Pannexin inhibitors decrease responses to sympathetic nerve stimulation in porcine splenic arteries

A Habib, V Ralevic, WR Dunn. university of Nottingham, Nottingham, UK

Pannexins are a newly discovered family of proteins with sequence homology to innexins (2). The pannexin family consists of Panx1, Panx2 and Panx3. These proteins form channels in cell membranes to allow ATP to pass through to act as an intercellular messenger. In mouse thoracodorsal resistance arteries it has been shown that Panx1 channels are opened following activation of α-1D adrenoceptors to release ATP, which in turn activates purinergic receptors to cause vasoconstriction (1). This project examined the presence and function of pannexins in the porcine splenic artery (PSA).

PSA were dissected from pig spleens obtained from a local abattoir. The presence of Panx1, Panx2 and Panx3 proteins was studied by Western blotting. Segments of PSA were prepared for isometric tension recording in oxygenated Krebs solution warmed to 37oC. Concentration-response curves (CRC) to noradrenaline (NA) were generated in the absence and presence of the Panx channel inhibitors mefloquine (2x10-5 M) and probenecid (5x10-4 M). Some tissue was prepared to allow electrical field stimulation (2-20 Hz) to be applied to the PSA to assess sympathetic nerve-mediated responses. Responses to sympathetic nerve stimulation are expressed as a % of the contractile response to 10-5 M NA. Data were analysed by two-way ANOVA followed by a Bonferroni post-hoc test. P<0.05 was considered significant.

Using Western blotting it was shown that Panx1 and Panx2, (50 kDa for Panx1 and 100kDa for Panx2), but not Panx3, proteins were present in the PSA. Inhibitors of pannexin channels, mefloquine and probenecid, had no effect on responses to exogenous NA in the PSA (P>0.05). The log EC50 value for NA was -5.7 ± 0.2 in the control CRC compared to -5.7 ± 0.1 in the presence of mefloquine (n=8), and -5.6 ± 0.09 for control versus -5.5 ± 0.12 in the presence of probenecid (n=6). However, mefloquine and probenecid both significantly decreased the frequency-dependent response curves generated to nerve stimulation. For example, a frequency of 20 Hz (applied for 10 seconds, 0.5 ms,20 V) produced a contractile response of 55.4 ± 4.5% (n=9) in control arteries, and this was reduced to 27.6 ± 7.5% (n=9) (P < 0.001) in the presence of mefloquine. Probenecid also reduced the response at 20Hz, from 82.2 ± 15.4% to 14.9 ± 4.0% (P < 0.0001).

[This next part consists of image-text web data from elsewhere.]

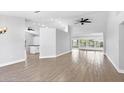 Open living room with tile floors and high ceilings at 4709 Foy Pl, Sarasota, FL 34243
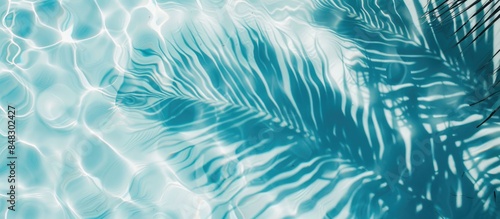 Top view of a palm leaf shadow cast on a serene blue water background in a flat lay perspective.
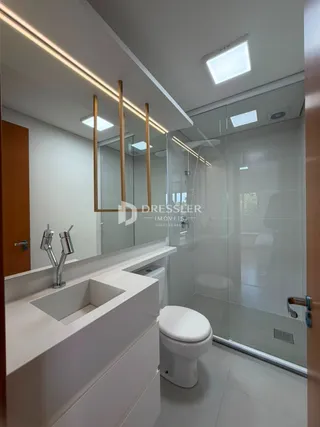 Banheiro moderno com box de vidro e louças brancas.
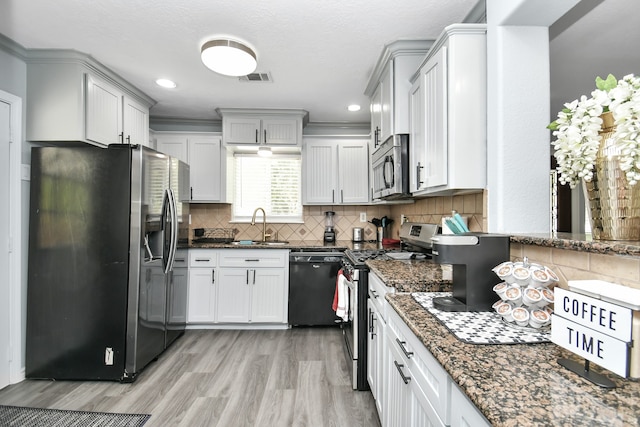 kitchen featuring tasteful backsplash, sink, dark stone countertops, and stainless steel appliances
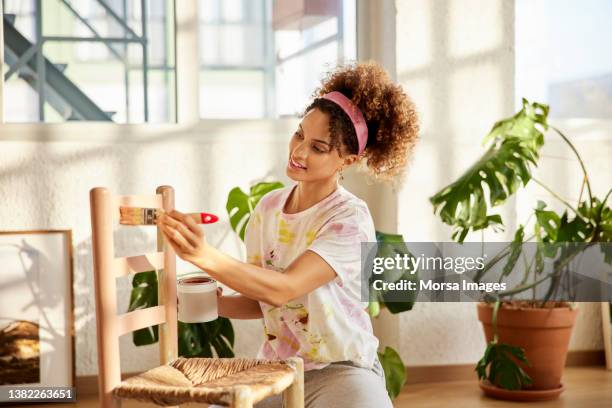 young woman painting chair at home - kunstnijverheid stockfoto's en -beelden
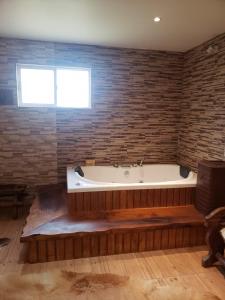 Cette chambre dispose d'une baignoire et d'un mur en briques. dans l'établissement Hermosa cabaña en Lago Ranco, à Lago Ranco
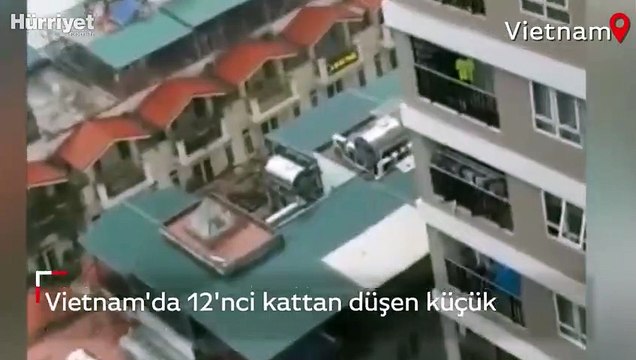Vietnam'da 12'nci kattan düşen küçük kızı kurye kurtardı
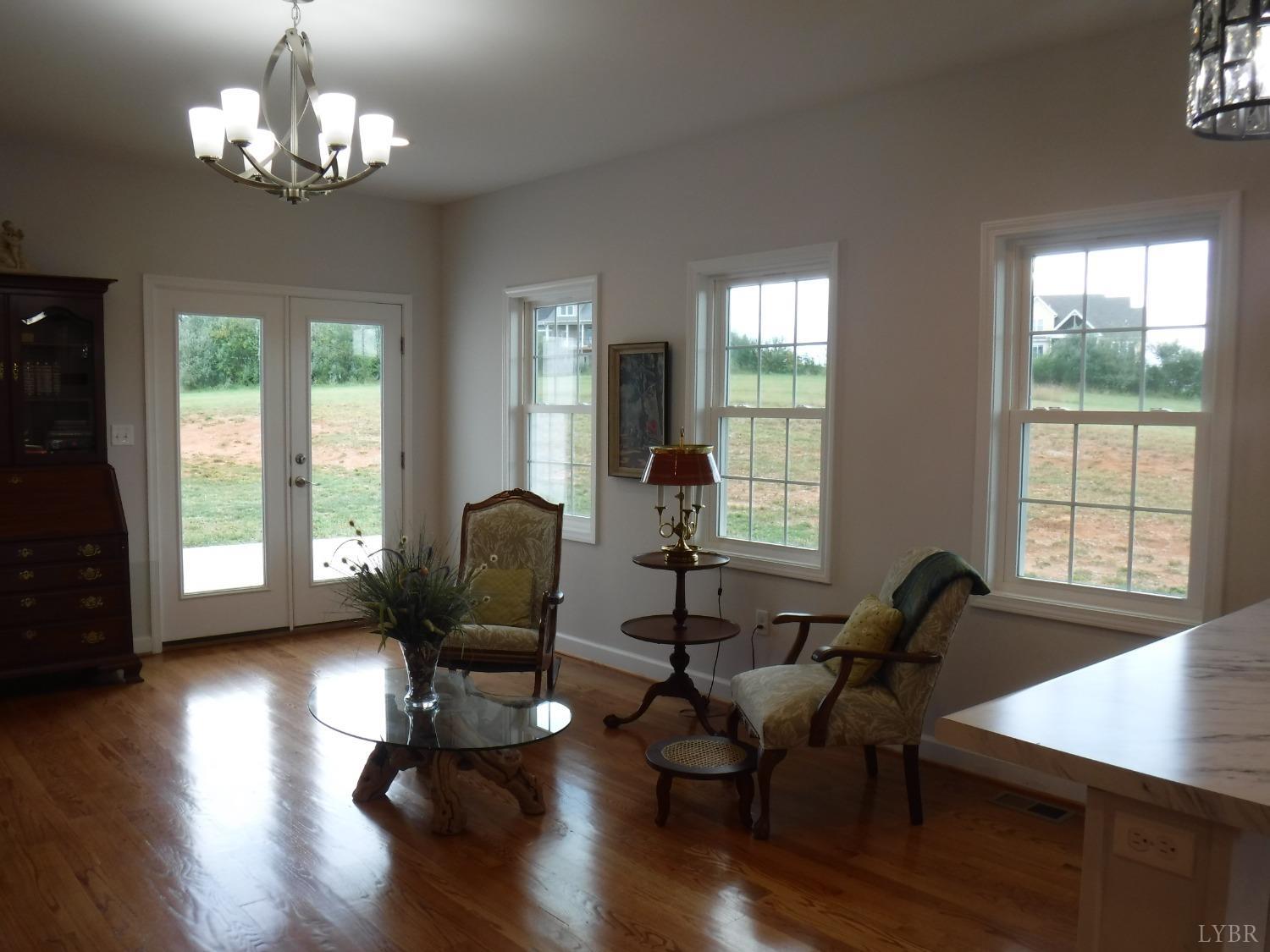 203 Longhill Road Goode, VA 24556 - Photo 17 of 26 a living room with furniture window and wooden floor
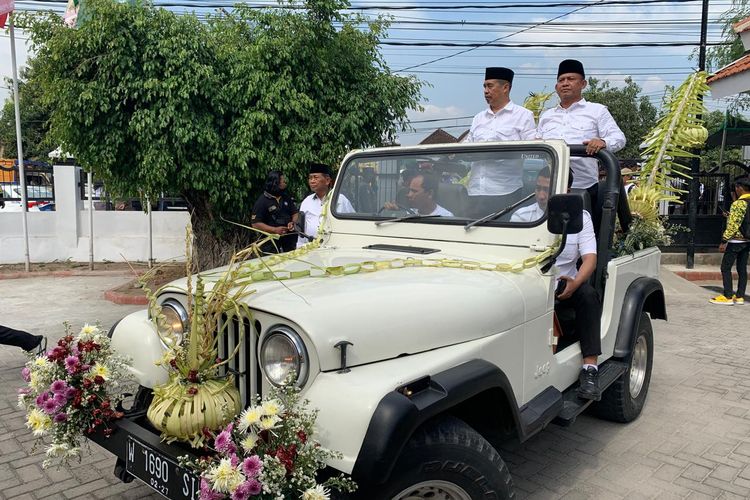 Bakal pasangan calon bupati dan wakil bupati, Hari Wuryanto-Purnomo Hadi menumpang mobil jeep dihias dan diarak massa bak pengantin saat mendaftar di Komisi Pemilihan Umum Kabupaten Madiun, Jawa Timur, Rabu (28/8/2024).
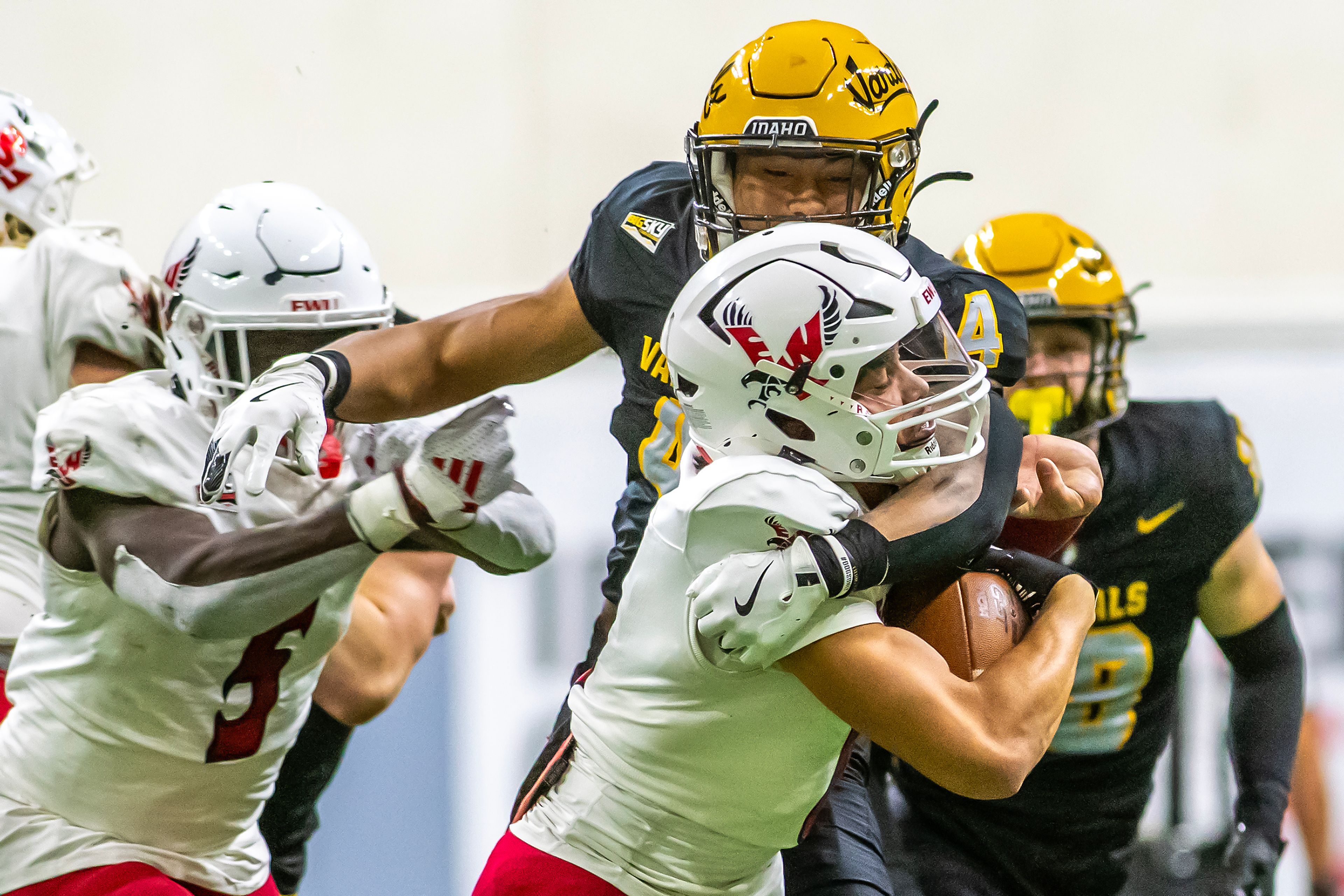 Idaho linebacker Isiah King sacks Eastern Washington quarterback Kekoa Visperas during a Big Sky game Saturday at the Kibbie Dome in Moscow. ,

Panx1 and Panx2 proteins are present in the PSA. While inhibitors of pannexin channels had no effect on responses to exogenous NA in the PSA, both mefloquine and probenecid decreased responses to sympathetic nerve stimulation. These data could indicate either, that pannexins are located prejunctionally and modify sympathetic neurotransmitter release, or that the transduction of a nerve-mediated response, following discrete neurotransmitter release, requires pannexin channel activity. By contrast exogenous NA application does not require pannexin involvement, in the PSA.

References:

(1) Billaud, M et al.(2011). Circ Res 109(1): 80-85.

(2) Dahl G. and R. W. Keane. (2012). Brain Res 1487: 150-159.